Activity:
Every line of the listing below is to be repeated exactly; the pictures stay out.

Raw data:
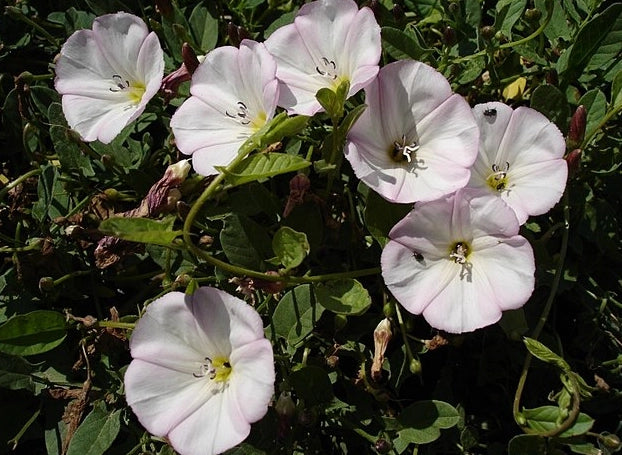 Pianta Convolvulus cneorum vaso 14, foto reali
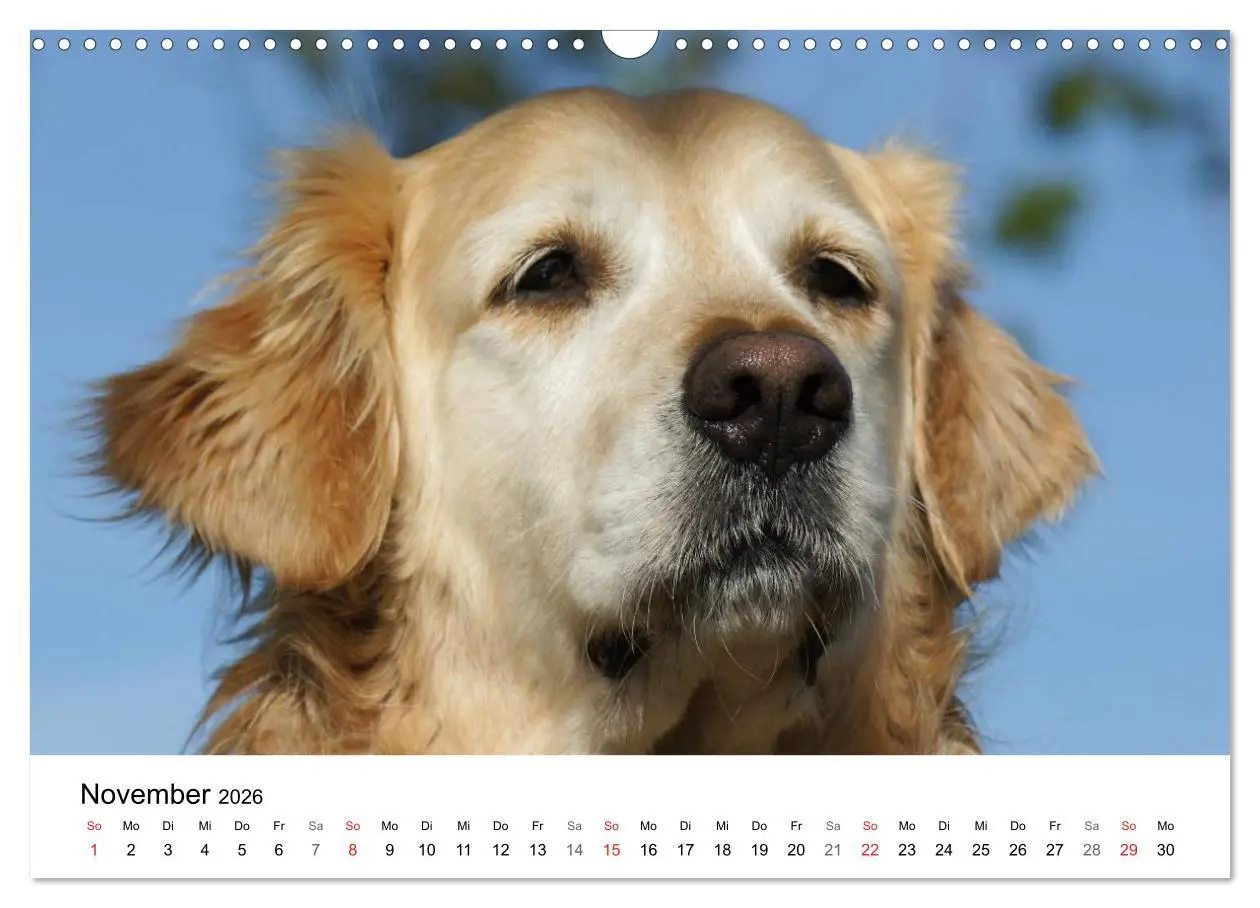 Bild: 9783516234022 | Golden Retriever Power (Wandkalender 2026 DIN A3 quer), CALVENDO...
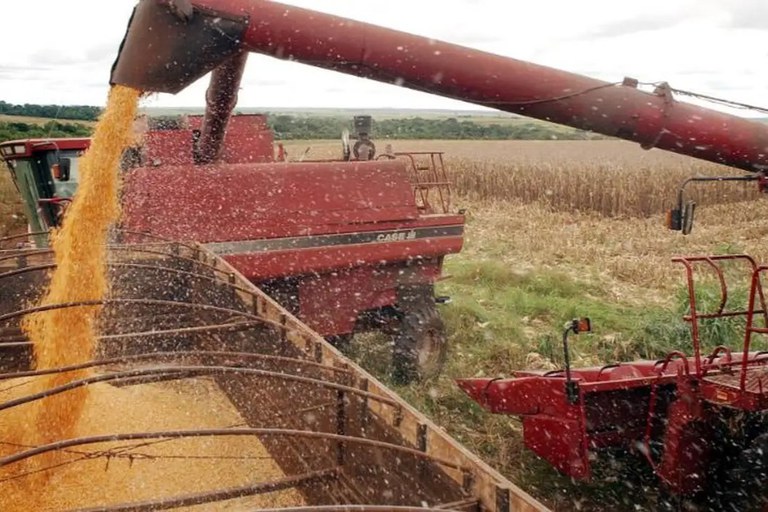 Exportação do agronegócio paulista cresce 9,2% até setembro, com US$ 22,69 bi, aponta IEA-APTA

Exercise solution:
 Pianta Convolvulus cneorum vaso 14, foto reali
 Bild: 9783516234022 | Golden Retriever Power (Wandkalender 2026 DIN A3 quer), CALVENDO...
 Exportação do agronegócio paulista cresce 9,2% até setembro, com US$ 22,69 bi, aponta IEA-APTA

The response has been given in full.